SOUND OF FALLING
Quatre jeunes filles à quatre époques différentes. Alma, Erika, Angelika et Lenka passent leur adolescence dans la même ferme, au nord de l’Allemagne. Alors que la maison se transforme au fil du siècle, les échos du passé résonnent entre ses murs. Malgré les années qui les séparent, leurs vies semblent se répondre.
Critique du film
Après un premier long-métrage resté inédit en France, la réalisatrice allemande Mascha Schilinski fait son entrée en grandes pompes avec la responsabilité d’ouvrir la compétition de cette 78e édition du festival de Cannes. Intriguant dès son synopsis, Sound of Falling saisit d’emblée par son esthétisme. Mais son imagerie gothique et macabre, qui emprunte ses codes à l’horreur pour distiller ses premiers éléments, n’est que la porte d’entrée vers une oeuvre plus dense, complexe et vertigineuse, qui explore une lignée de femmes.
Dès les premières minutes, le film nous immerge dans un univers où les ombres, les symboles funèbres (ou religieux) et les jeux de lumière semblent en raconter autant que les mots. S’il en déroutera certain·e·s, le film exerce une force d’attraction pourtant incontestable, soignant sa narration éclatée, ses choix visuels audacieux et son atmosphère empreinte de mystère. Il ne faut que quelques images pour être happé·e par sa mise en scène audacieuse : cadrages, jeux de miroir et inversions d’image, flous, ralentis et longs travellings travaillés. Sublimé par la cinématographie éblouissante de Fabian Gamper, qui confère au récit une dimension autant poétique qu’inquiétante, l’oeuvre navigue entre la lumière et les ombres, ce qui est énoncé et ce qui est tu. La narration entremêle quatre époques distinctes dans un même espace géographique — une ferme isolée dans l’Altmark et ses environs —, créant un labyrinthe temporel où les échos entre les générations se répondent tandis que le contexte historique de chaque arc nous permet de situer progressivement les chronologies.
Violences ancestrales
À travers les récits d’Alma, Erika, Angelika et Nelly, Sound of falling expose surtout cette violence ancestrale, larvée, qui pèse sur les filles, bridant leurs désirs ou, parfois, les condamnant. Il est tout de même question d’abus et d’inceste, de stérilisation forcée et de silence(s) imposé(s), de mortalité infantile et de suicides, autant d’éléments traumatiques qui s’intègrent dans cette transmission intergénérationnelle face à une domination patriarcale persistante et impitoyable.

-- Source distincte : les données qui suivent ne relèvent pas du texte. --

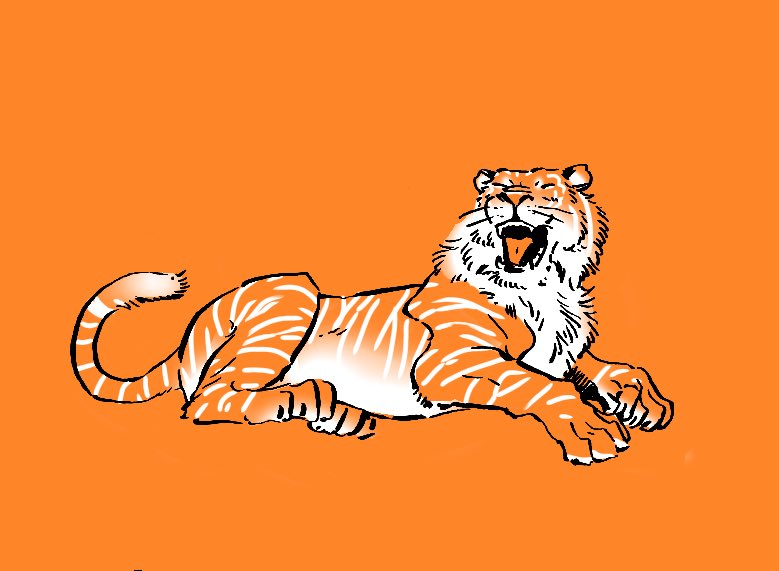 今日もいろいろあんなことやこんなこと大変お疲れ様でした 高津 ゆい Takatsu Yuiのイラスト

Si le film devrait trouver légitiment une place au palmarès en fin de festival, ce sera peut-être pour honorer la prodigieuse mise en scène immersive de Mascha Schilinski. Sa caméra accompagne chacune de ses héroïnes, épouse leur regards, tandis que les voix-off dévoilent leurs songes et leurs pensées, parfois innocentes, parfois sordides et désespérées. Si plastiquement le film éblouit, il faut aussi saluer le méticuleux travail sonore, des bruits enivrants de la nature aux sons ambiants inquiétants, captant souvent l’ouïe avant de saisir la rétine. Cet alliage de réussites techniques renforce la tension du film et cette chape de plomb qui pèse sur ses protagonistes, comme une fatalité.

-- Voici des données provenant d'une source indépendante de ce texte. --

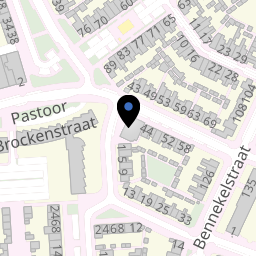 Appartement GTL01 C 5545 8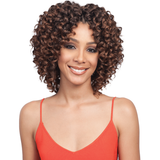 Bobbi Boss Crochet Hair Bobbi Boss: 2X Brazilian Cosmo Curl 6"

Enfin, il faudra associer son impeccable distribution à la réussite du film. Les comédiennes, Hanna Heckt, Lena Urzendowsky, Laeni Geiseler, Susanne Wuest, Luise Heyer ou encore Lea Drinda offrent des performances d’une grande justesse, incarnant avec intensité les différentes facettes de la condition féminine à travers le siècle, donnant chair à cette fresque hypnotique, qui allie virtuosité formelle et profondeur thématique.
En confrontant les spectateur.ice·s à la violence sourde de la domination patriarcale et aux blessures transmises de mère en fille, Mascha Schilinski nous propulse dans une expérience cinématographique saisissante et s’impose d’emblée comme l’une des œuvres marquantes de cette nouvelle édition cannoise.